But we’re also pleasantly surprised at some of the movie’s unintended consequences. For instance, as our old buddy Tom Pressman recently commented, the film also celebrates the regulars who come, not to play, but to listen at the weekly Flood gatherings, and prominent in the videos is the sparkling face of Shirley Broh Davis.
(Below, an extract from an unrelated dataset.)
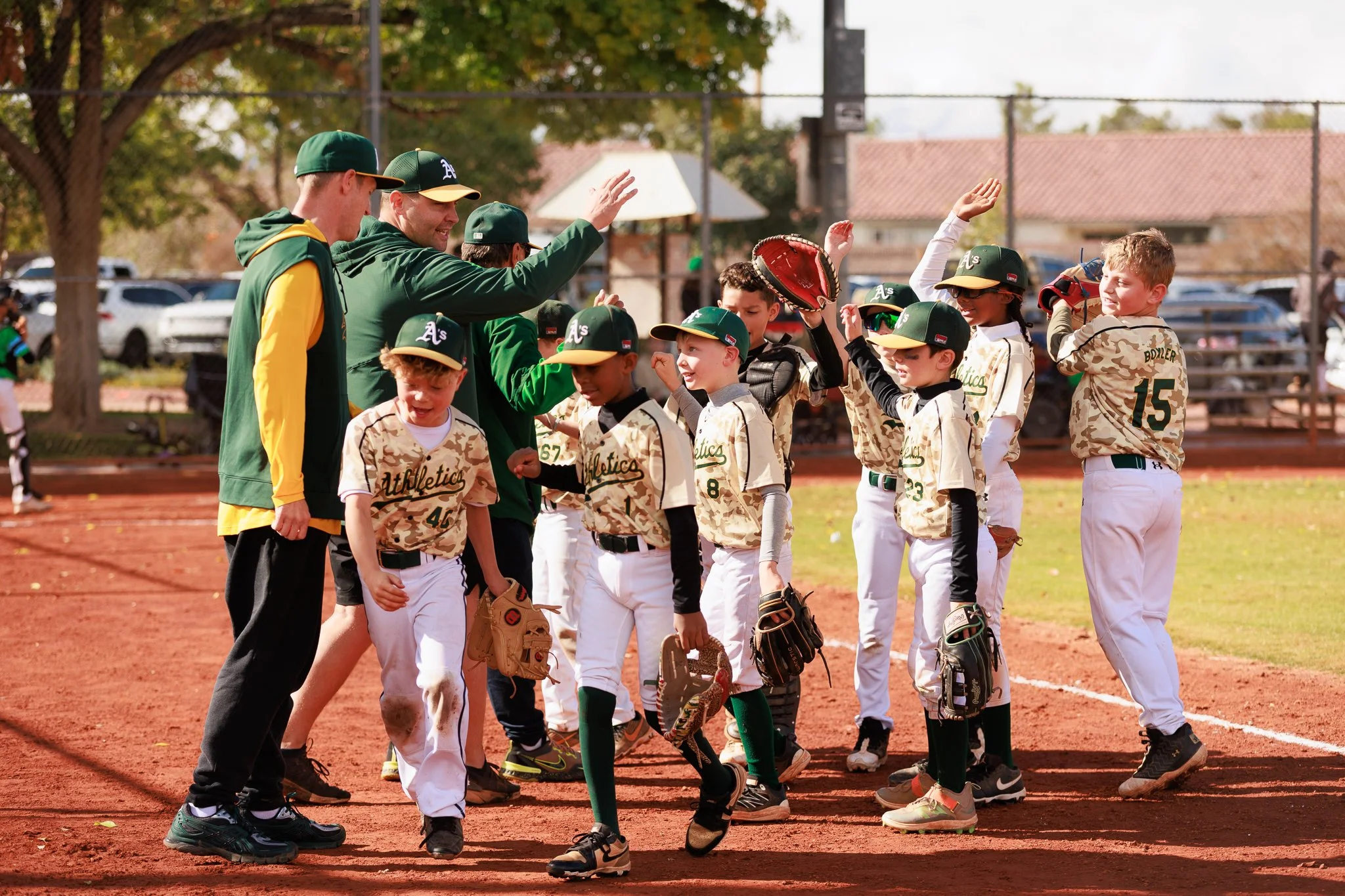 Youth baseball players and coaches on the field, some with their hands raised for a high five after a game.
Shirley — whom fiddler Joe Dobbs used to call our oldest groupie — was brought to her first jam session with her husband Norman in 2009, invited by another dear friend, Flood regular Rose Riter, and from that winter’s evening on, the Davises became regulars. So all through the movie, you’ll see Shirley listening, laughing, singing along and applauding from her favorite blue chair smack dap in the middle things. We lost Shirley a few years ago — she died at 96 — but honestly, she’s still with us, especially whenever we do one of her favorite songs. Many times at the end of an evening of music, we’d say, “So, Shirley, whaddaya want to hear?” and more often than not, her request was for this one from the Great American Songbook. So, these days, whenever we do “My Blue Heaven,” as we did at a recent rehearsal, it comes with a sweet shoutout to Shirley. Click to hear the tune.

Tuesday, July 3, 2018

This Week's Freebie from The 1937 Flood

This week's freebie features our first efforts with a beautiful new melody.
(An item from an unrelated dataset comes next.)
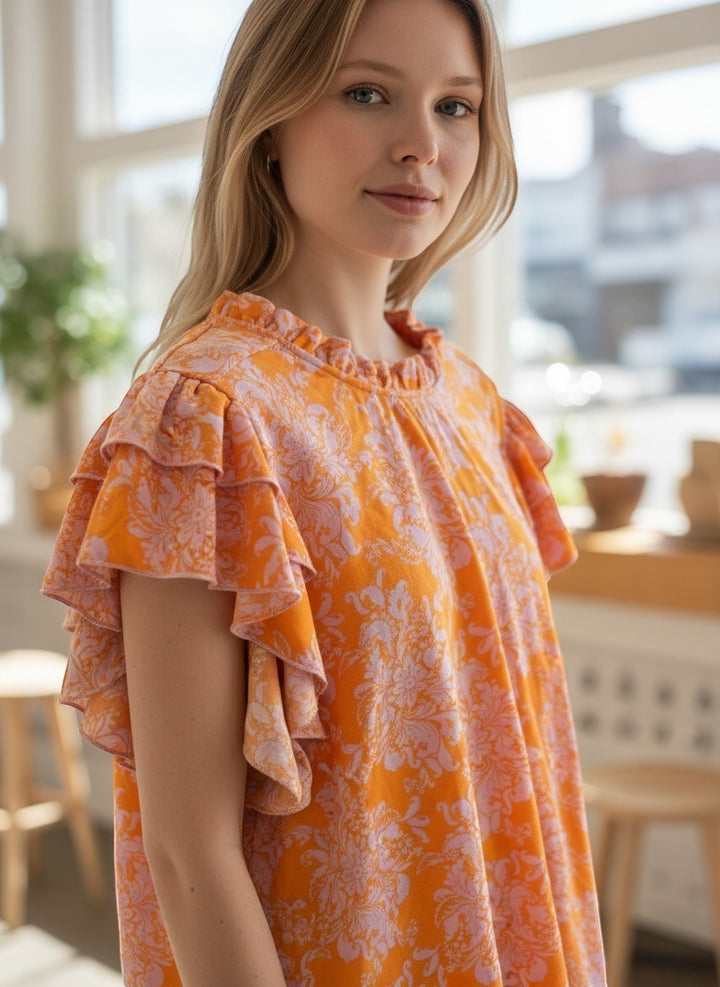 Chic Collective orange lilac floral mock neck double layered ruffle top on a woman.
If you see him, don’t tell him — it’s liable to give him “the big head” — but the truth is we listen to everything that Doug Chaffin tells us. When it comes to music, Doug’s instincts are usually right on the money. For instance, whenever we’re playing a show, if Doug leans over and whispers, “Hey, maybe we oughta do this song next,” Charlie always revises the set list on the fly, because Doug seems to have a sixth sense about what people would like to hear.

So, when Doug recently told us we ought to learn “Amelia’s Waltz,” we perked up and paid attention. Now, the piece you’ll hear sounds like an old tune, but it actually was written in 1981 by the late New Hampshire composer Bob McQuillen, who named the song in honor of a friend’s young daughter.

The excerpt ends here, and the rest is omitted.